The Arizona Attorney General filed a complaint against the IRS after the agency did not budge on its stance that a one-time rebate for qualifying taxpayers with dependents is subject to federal tax.
“The IRS’s unlawful determination is so arbitrary, capricious, and inequitable as to constitute an unlawful targeting of Arizona and its taxpayers in a manner that deprives Arizona of its right to make informed budgetary decisions in the best interests of the State and its taxpayers,” read a complaint for declaratory and injunctive relief penned by Arizona Attorney General Kristin Mayes and submitted February 21 with the US District Court for the District of Arizona.
“This lawsuit is about standing up for Arizona taxpayers,” said Mayes in an accompanying press release. “The federal government’s decision to tax these rebates is unfair and unlawful – and I will do everything I can to ensure the tax relief provided to Arizonans by their state government remains in the pockets of Arizona taxpayers, as intended.”
At issue is the Arizona Family Tax Rebate included in Governor Katie Hobbs’ 2023 budget worth $250 for claimed dependents under age 17 and $100 for those older. Arizonans could claim up to three dependents for a maximum rebate of $750. To qualify, a taxpayer must have claimed the state’s dependent tax credit on their 2021 full year Arizona income tax return and had “at least $1 of Arizona individual income tax on their 2021 returns or had at least $1 Arizona individual income tax on their 2020 or 2019 Arizona returns under the same filing status as their 2021 return,” as explained by FAQs posted by the Arizona Department of Revenue (emphasis in original).
If the credit reduced a taxpayer’s liability to zero “in all of these tax years,” they do not qualify for the rebate, the Arizona DOR also clarified.

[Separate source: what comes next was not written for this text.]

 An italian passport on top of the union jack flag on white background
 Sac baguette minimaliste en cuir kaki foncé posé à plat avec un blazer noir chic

In guidance released last February (IR 2023-23), the IRS identified 17 states that issued general welfare and/or disaster relief payments in 2022 that were either directly or indirectly related to economic hardships attributable to the COVID-19 pandemic. The IRS decided at the time that it was “in the best interest of sound tax administration” to exempt those state tax rebates from federal taxable income, especially since the pandemic emergency declaration was still in effect.
Later in August, the IRS followed up this position in Notice 2023-56 to provide that the previous guidance only applies to tax year 2022. It also established criteria for the state payment exclusion to the general rule that federal gross income includes all income from whatever source derived. “To qualify for the general welfare exclusion, State payments must (1) be paid from a governmental fund, (2) be for the promotion of general welfare (that is, based on the need of the individual or family receiving such payments), and (3) not represent compensation for services absent a specific Federal income tax exclusion.”

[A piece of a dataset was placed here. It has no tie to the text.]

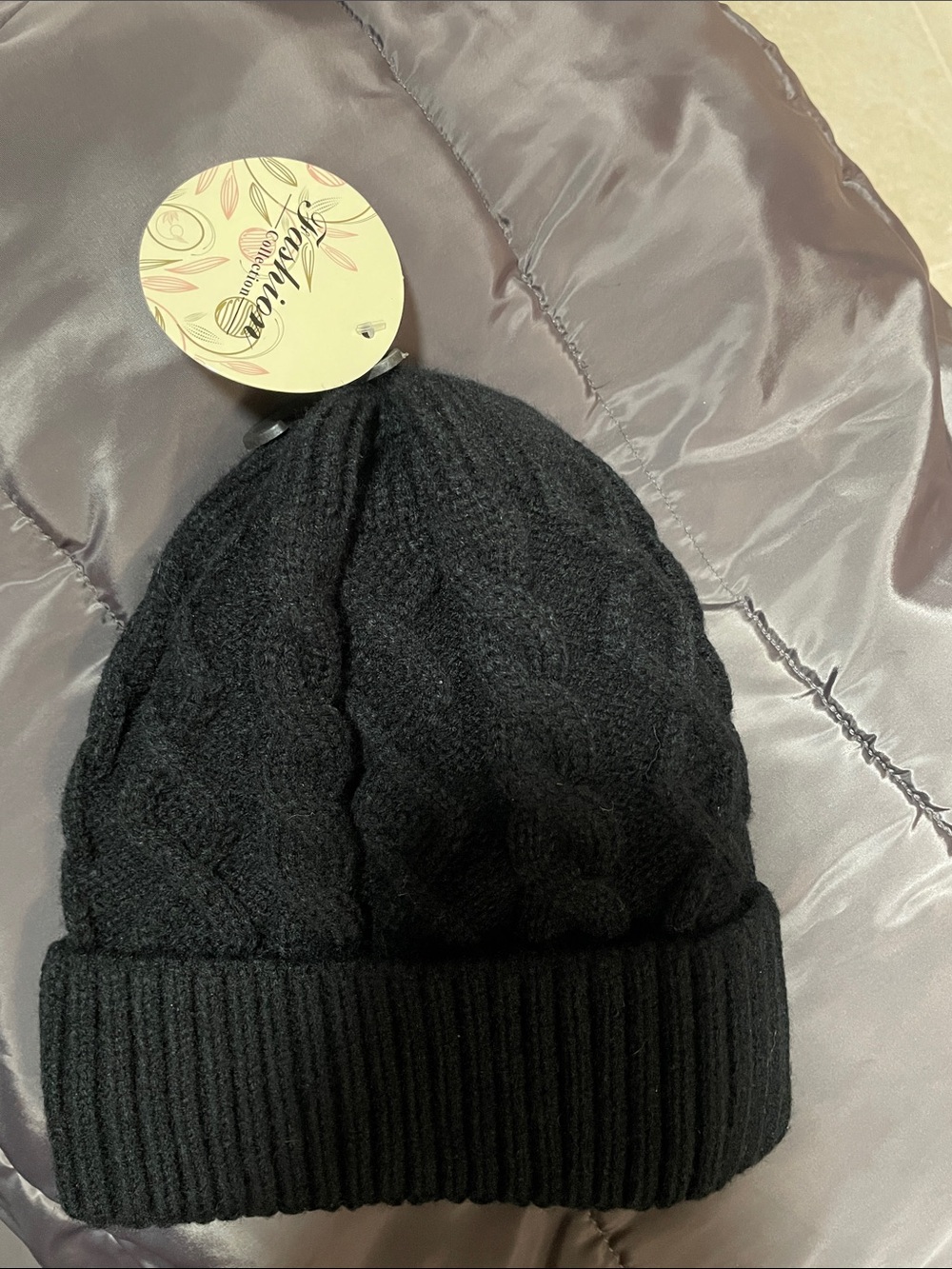 NWT Fashion Collection Black Knit Cable Beanie with a faux fur lining for warmth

Arizona leadership believed its rebate program met these requirements and was surprised when the IRS conveyed over a video call in December that was not how the agency would proceed. Taxpayers were notified that they would receive a Form 1099-MISC, Miscellaneous Information, to report the rebate on their 2023 federal income tax return.

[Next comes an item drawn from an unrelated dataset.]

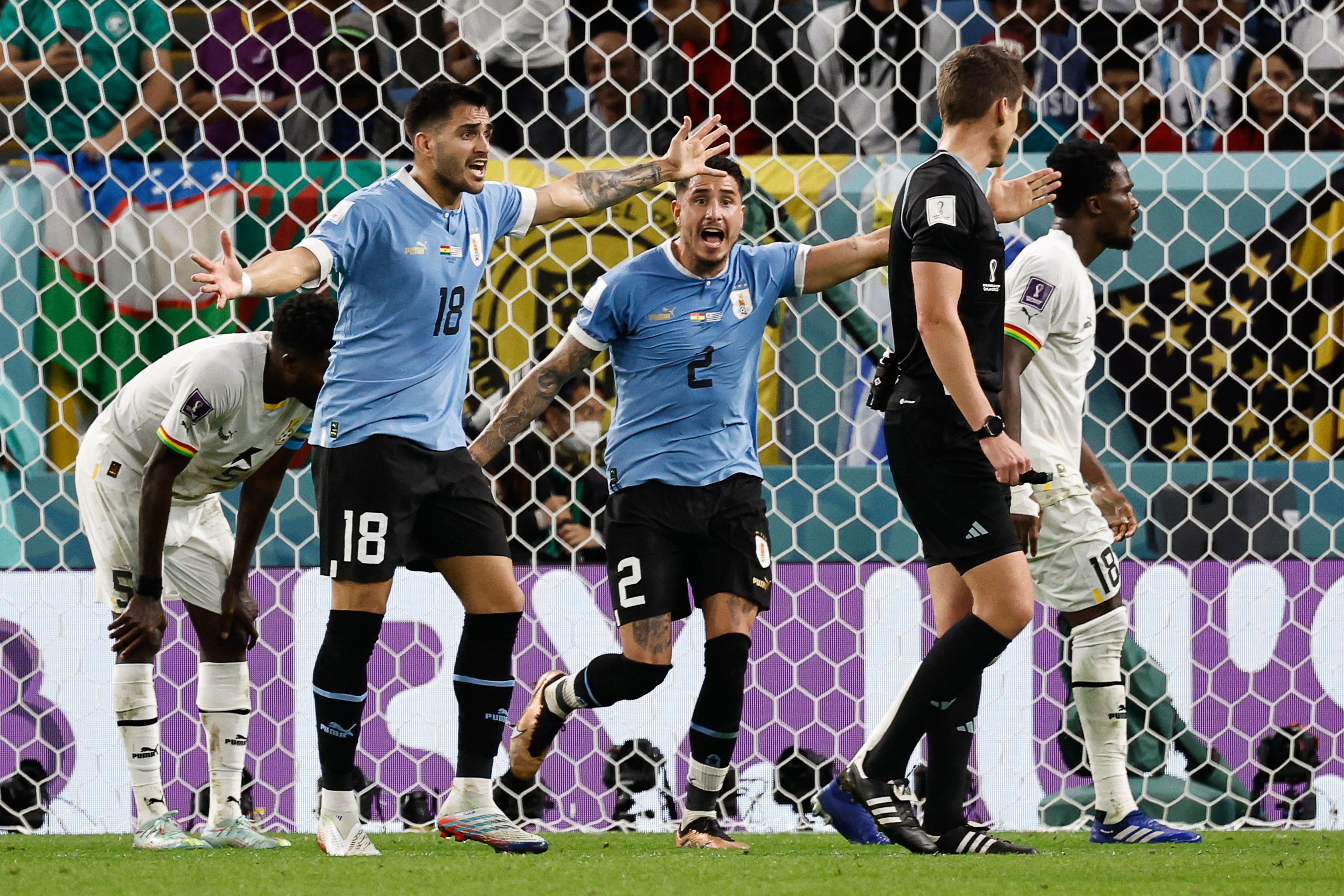 Dua pemain Uruguay memprotes keputusan wasit Daniel Siebert di laga Piala Dunia 2022 melawan Ghana.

Mayes elevated the matter to IRS Commissioner Danny Werfel in a January 25 letter, arguing the agency’s determination conflicts with last year’s guidance. “The Tax Rebate unquestionably satisfied the first and third prongs of” the state payment exclusion test “because it was paid out of Arizona’s general fund to qualifying Arizonans, not as compensation for services, read the letter. “It also satisfied the second prong because it was not available to all Arizonans or an undifferentiated class of Arizonans, but rather only to Arizonans (1) with dependents; who (2) claimed a Dependent Tax Credit (a de facto income cap), thereby establishing two measures of need.”
In response, Werfel upheld the classification of the rebate as federal taxable income. Providing analysis from the Office of Chief Counsel, the commissioner’s February 15 letter explained that the general welfare exclusion is intended for payments limited to low-income recipients. “[T]he income limitations for the payments are above the limit of what we generally consider to be covered by the general welfare exclusion,” wrote Werfel. “Eligibility for the payments begins to phase out at $400,000 for married taxpayers filing jointly and $200,000 for all other filers.”
Werfel also dinged the Arizona rebate for not applying to those without income tax liabilities during 2019-2021. “[R]ather than targeting relief to low-income residents with dependents, the legislation expressly excludes such low-income residents from receiving the payments while including almost all similarly situated Arizonans with higher incomes.” He concluded the program is not based on need.
Raising similar points in her initial letter, Mayes wrote in her complaint that her state’s rebate should be treated the same as 2022 relief by other states despite applying to tax year 2023. “[T]he IRS did not identify a single program that it had found nontaxable for 2022 but would have found taxable in other years based on the criteria that it enunciated.”
According to the lawsuit, recipients would remit to the IRS a total $20.8 million, and Arizona would lose out on an estimated $480,000 in sales tax revenue that would be collected from direct rebate spending.